RealClearPolitics.com puts Senator Obama up by 5.9 percent, an averaging of all polling to date. It also has him beating McCain in Virginia, on average, by 2.4 percent. From where I sit in Fairfax County, Virginia, within the orbit of Washington, D.C., Obama is likely to follow the pattern of other statewide Democratic candidates who have rolled up double-digit numbers in this part of what was once considered a safe Red State.

As a native of St. Louis, I note that the Arizona Senator is still holding onto a narrow lead in Missouri, 1.7 percent, which has voted for the winning presidential candidate in every election of the post-war era except for 1956. Of course, Virginia, with its growing and diverse population, may be a better indicator than the Show Me State. But I really don’t know.

Clearly, the near meltdown of the nation’s finances in the last two weeks has been a “game changer,” to use the cliche now in vogue. And it is has not changed in favor of Senator McCain and the Republicans.

Last weekend I recall telling my daughter, who is working at a ranch outside of Cody, Wyoming, to move at least some of her deposits from Wachovia into another local bank. While I assumed that federal deposit insurance would eventually come through, I did not want her to be shut out of her cash if the dismemberment of the bank dragged on for months or even years. No one in our family has had a conversation like that since, what, the 1930s?

Although the Obama campaign is sitting pretty for now, thirty days is certainly an eternity in a national political campaign. Just recall the past thirty, sixty or ninety days. Governor Palin has only been around for five or six weeks. The stock market lost between 9 and 10 percent last week. Remember Senator Clinton’s rally late in the primary campaign? Moreover, the McCain campaign is about to “unleash hell,” to use a phrase coined by Peggy Noonan on Meet the Press yesterday. Well, politics ain’t bean bag, as Mr. Dooley reminded us.

Still, the Obama campaign is the model of calm, cool, relentless organizational perfection, registering voters, raising money and organizing volunteers on line and emulating U.S. Grant’s harassment of Lee in forcing the McCain campaign to over-extend its supply lines, divide its forces, or begin triage sooner than it would like. McCain’s recent decision to abandon the field in Michigan was quite a blow given previous high hopes among Republicans.
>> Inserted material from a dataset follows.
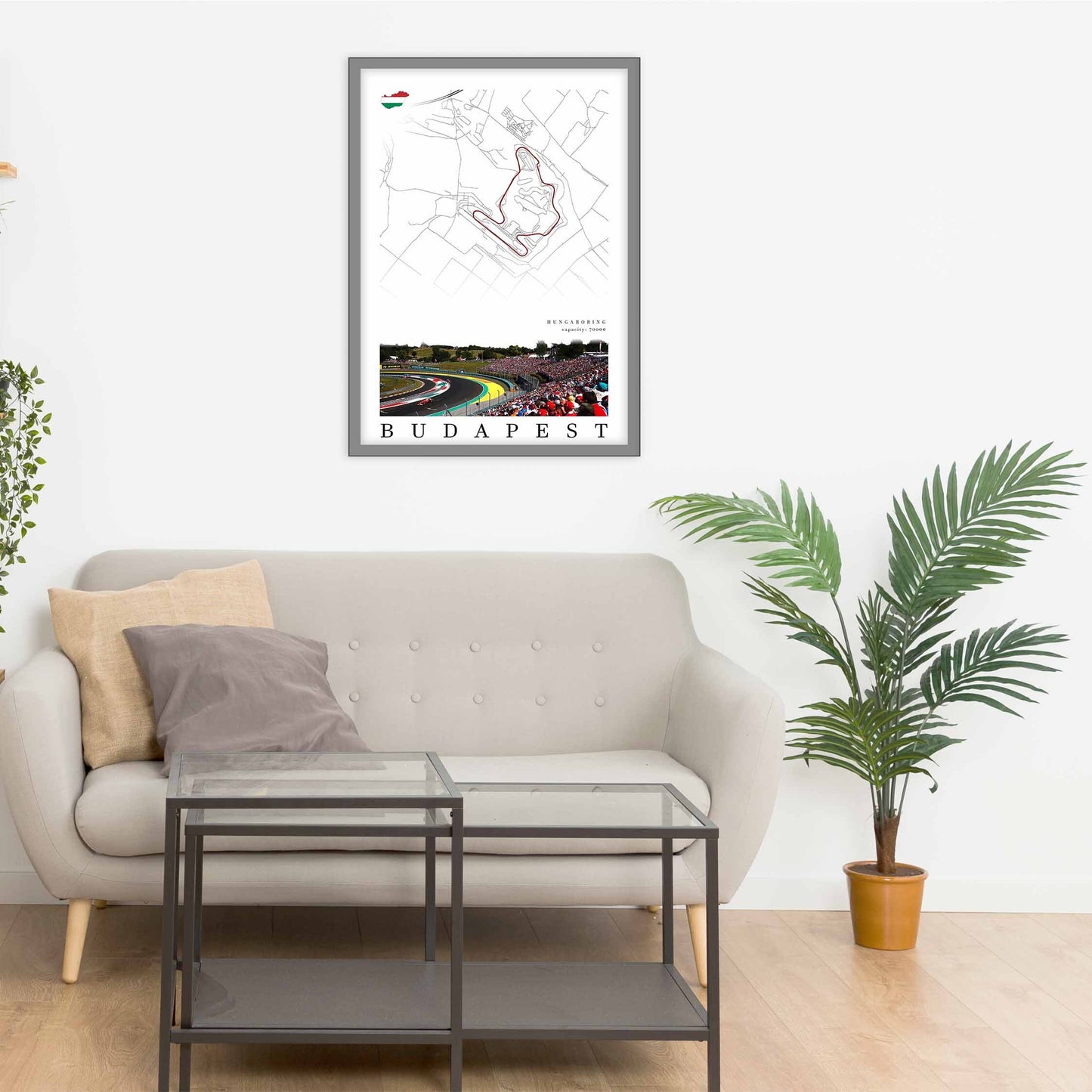 City map of BUDAPEST - Hungaroring - Home Decor Budapest - Wall decor Hungaroring - Hungary Grand Prix - Formula 1 gift - Printed map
This general election race pits maybe the weakest of the Democratic candidates against the strongest Republican candidate. Hillary Clinton would probably be winning handily right now given the economic morass, two wars, and an unpopular Republican incumbent in the White House. John McCain’s reputation as a maverick allows him to distance himself from the Bush administration and flourish in a hostile political environment that would have been fatal to the other contenders in the GOP primary. Nevertheless, McCain’s relative strengths are presently overshadowed by the present economic crisis.

The countervailing factors threatening Obama’s recent rise in the polls are the character issue which the McCain campaign is already raising and the dark undertow of any potential “Bradley Effect” in which race may still impact the final vote in November.

Finally, the Catholic vote, often referred to as the “jump ball” of American presidential politics, will be crucial to victory, especially in the Midwest. On social and cultural issues, McCain has a clear advantage with this block of voters. On the economy, Obama has the advantage. The issues of war and peace cut both ways.

This is still an election too close to call.